*Dataset section:*
┄┄┄┄┄┄

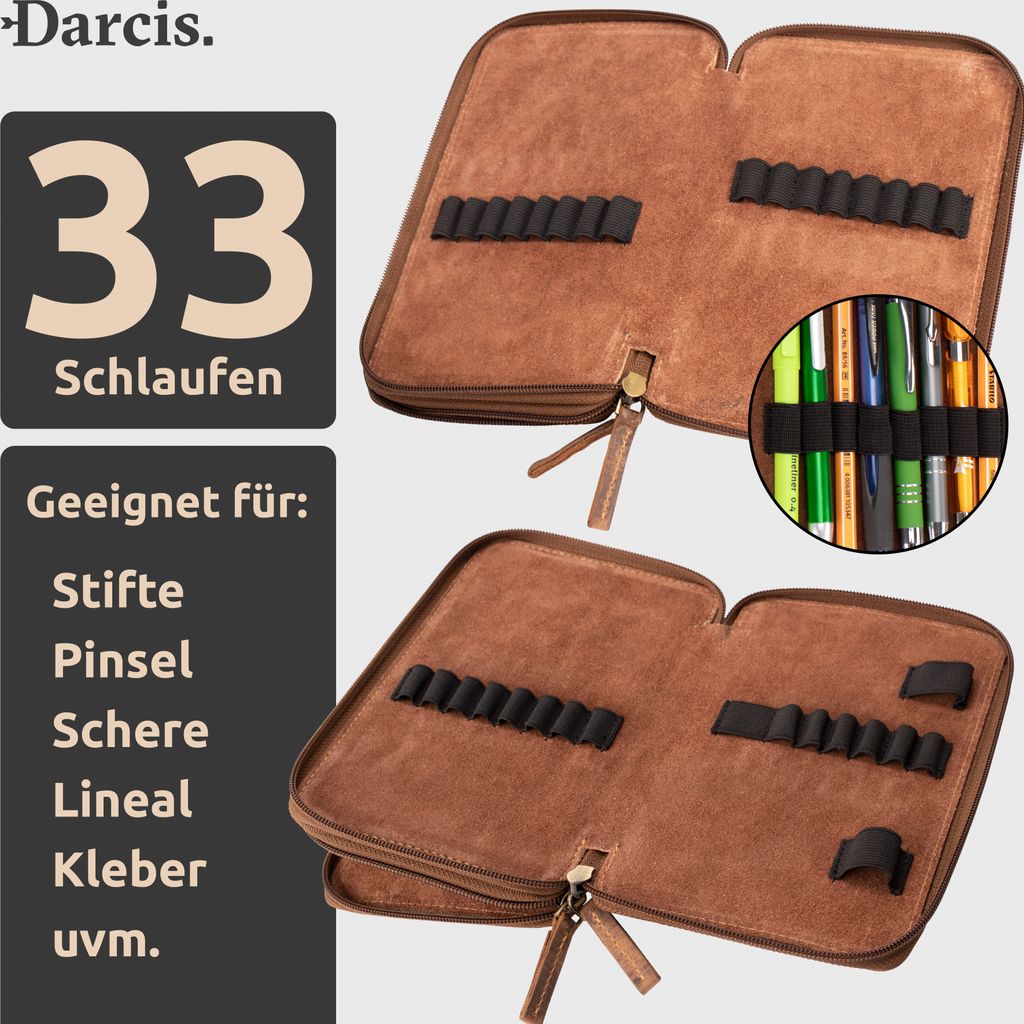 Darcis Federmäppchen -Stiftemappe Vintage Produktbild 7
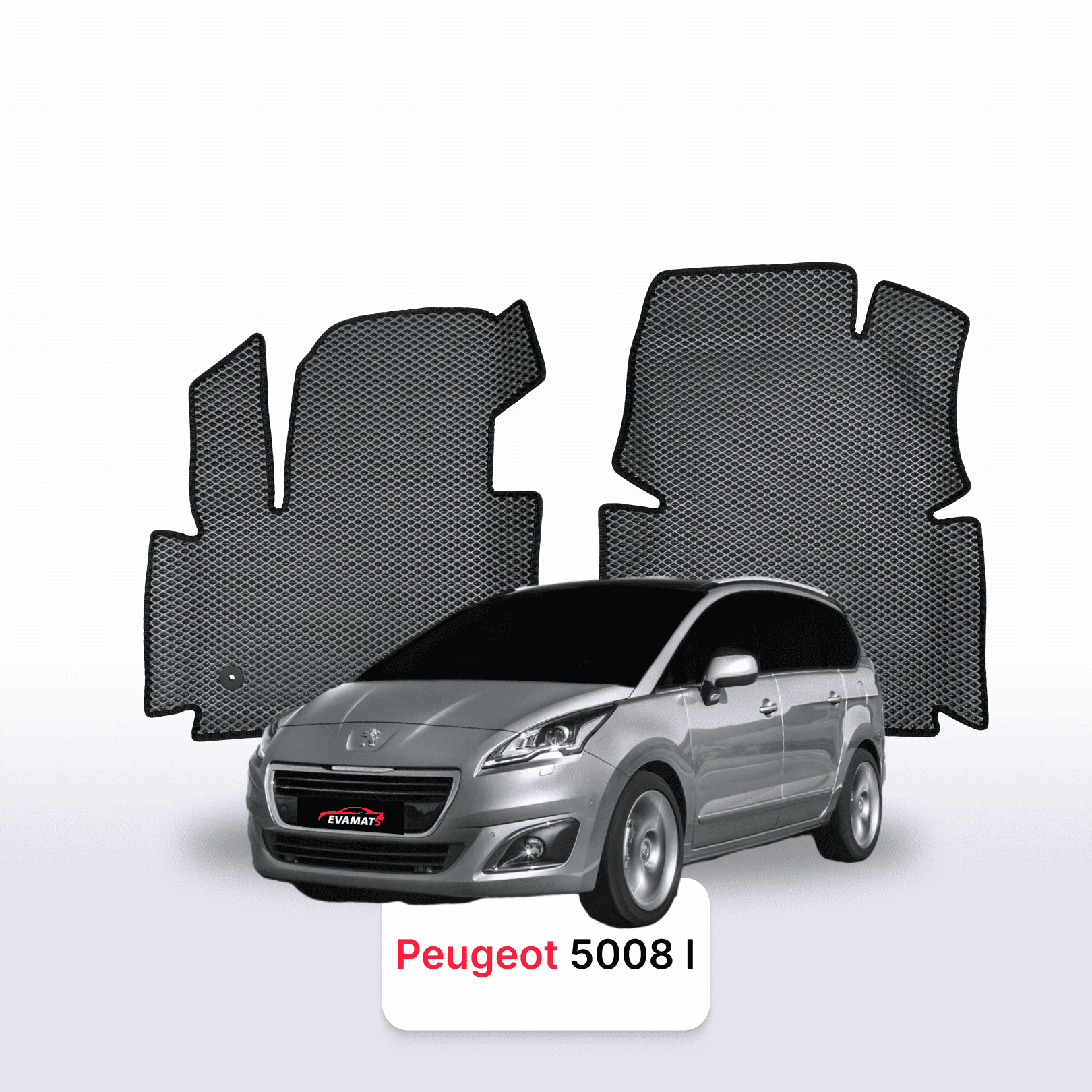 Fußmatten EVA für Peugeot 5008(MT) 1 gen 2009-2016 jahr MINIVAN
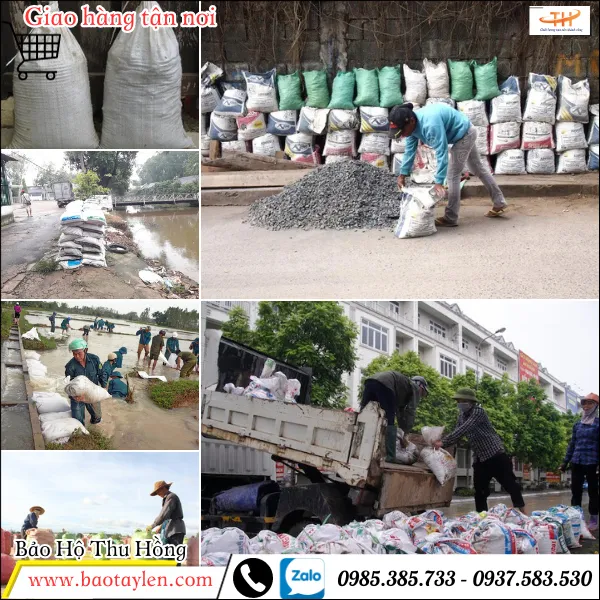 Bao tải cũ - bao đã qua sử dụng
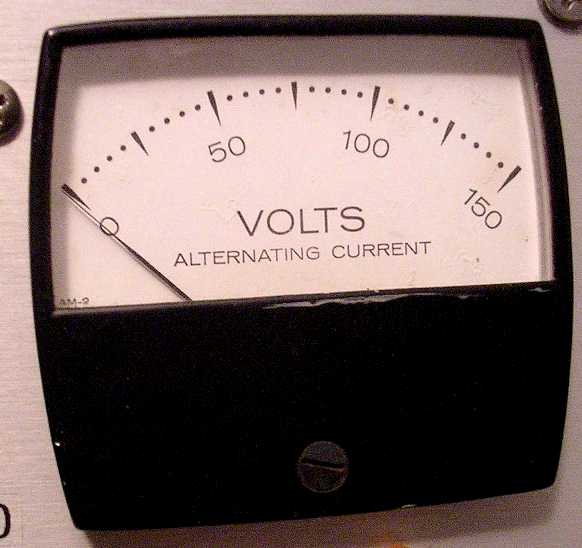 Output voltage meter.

┄┄┄┄┄┄

*Work item:*
The expected answer is the line with "Fußmatten EVA für" followed by every remaining line of the listing, each restated exactly, with all pictures dropped.

*Finished exercise:*
 Fußmatten EVA für Peugeot 5008(MT) 1 gen 2009-2016 jahr MINIVAN
 Bao tải cũ - bao đã qua sử dụng
 Output voltage meter.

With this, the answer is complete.